Ne indichiamo alcune dal catalogo dato dal Venturi e dal Gamba; i Santi Martiri del 1574 e l'Adultera del 1577 in Santo Spirito; la Madonna e Santi del 1574, ora all'Accademia, come l'Annunciazione del 1579; gli affreschi e la pala nella Badia di Passignano (1579-80); il Cenacolo oggi nell'Accad. Carrara a Bergamo (1582); la Resurrezione per il Carmine di Pisa (1581); la Madonna in gloria nella chiesa di Olmi in Mugello, dov'era anche il bel ritratto a fresco di Bianca Cappello ora agli Uffizi (1584). Ma nell'arida macchinosità di queste opere tornano spesso, specie in certi inserti di natura morta, vive reminiscenze dei luminosi valori cromatici bronziniani. Così nel Miracolo della manna che l'A. affrescò nel 1597 nel refettorio di S. Maria Novella intorno alla tela col Cenacolo del 1581-84. E questa innata sensibilità pittorica, per quanto sempre avulsa da ogni approfondita indagine del reale, avviverà di particolati sentiti con un gusto quasi fiammingo della materia le opere degli ultimi anni, come il S. Giacinto in S. Maria Novella (1592), l'Incoronazione della Vergine all'Accademia di Firenze (1593), la Resurrezione di Lazzaro in S. Francesco di Pistoia (1594), mentre vani restano i suoi sforzi, visibili in certi quadretti (Noli me tangere del 1590, di proprietà Volpi di Misurata; S. Pietro che cammina sulle acque del 1596 agli Uffizi, il Sacrificio d'Isacco del 1601 pure agli Uffizi), verso il linguaggio totalmente pittorico del Correggio e dei Veneti.
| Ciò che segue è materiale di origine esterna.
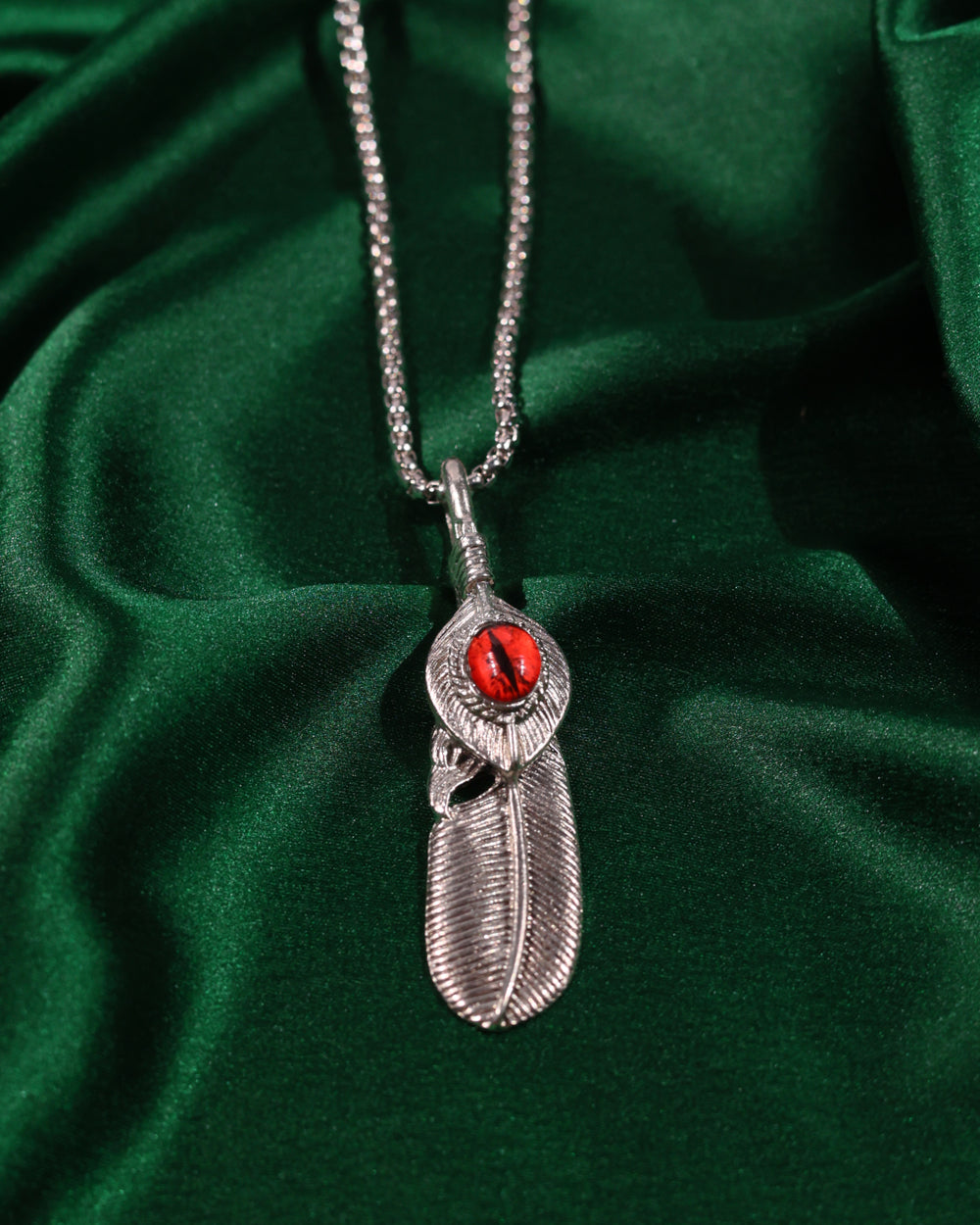 Red Gem Feather Pendant Chain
Quella percezione di valori resterà il suo apporto positivo al superamento della maniera che, mentre altrove era già in atto la riforma del Caravaggio, doveva dare a Firenze l'aggraziato, arcaicizzante naturalismo di Santi di Tito e dell'Empoli. E in questo movimento terranno un posto onorevole le sue opere più tarde come la Natività della Vergine in S. Maria Nuova a Cortona (1595); a Firenze, il S. Fiacre in S. Spirito (1596), la Natività della Vergine all'Annunziata (1602), la squisita piccola Annunciazione all'Accademia (1603), le Nozze di Cana in S. Agata (1606).
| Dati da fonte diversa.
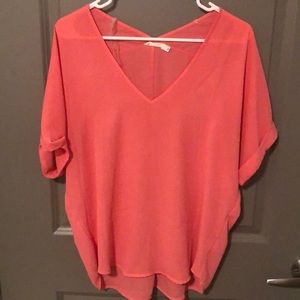 Sheer coral top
L'A., già sofferente di gotta, morì a Firenze il 22 sett. 1607, dopo che aveva tenuto nel 1605-06 la carica di podestà di Cascina.
Bibl.: G. Vasari, Le Vite... con nuove annotazioni e documenti di G. Milanesi, Firenze 1878-81, VIII, p. 606 e passim; R. Borghini, Il Riposo, Firenze 1584, pp. 623-631; A. Fumo, La vita e le rime di A. Bronzino, Pistoia 1902, DD. 27-30; C. Gamba, A proposito ds A. A. e di un suo ritratto, in Riv. d. R. Ist. di archeologia e storia dell'arte, I, 2 (1929), p. 265 (con catal. delle opere); U. Middeldorf, A. A. e il Bandinelli, in Riv. d'arte, XIV (1932), p. 483; A. Venturi, Storia dell'arte ital., IX, 6, Milano 1933, pp. 76-115 (con bibl. e catal. di opere); Mostra del Cinquecento toscano, catalogo, Firenze 1940, pp. 45 s., 57, 59 s., 144; P. Bargellini, Le pitture di A. A. nel Palazzo Salviati da Cepperello, Firenze 1953; M. Gregori, in Catalogo della Mostra del Cigoli e del suo ambiente, S. Miniato 1959, pp. 195 s.; L. Berti, A. A. Note brevi su inediti toscani, in Bollettino d'arte, XXXVIII (1953), pp. 280 s.; D. Heikamp, Arazzi a soggetto profano su cartoni di A. A., in Riv. d'arte, XXXI (1956), pp. 105-155; U. Thieme F. Becker, Allgem. Lexikon der bildenden Künstler, I, pp. 319-321 (con ulteriore bibl.); Encicl. Ital., II, pp. 557 a.; U. Galetti-E. Camesasca, Encicl. della pittura ital., pp. 39 s.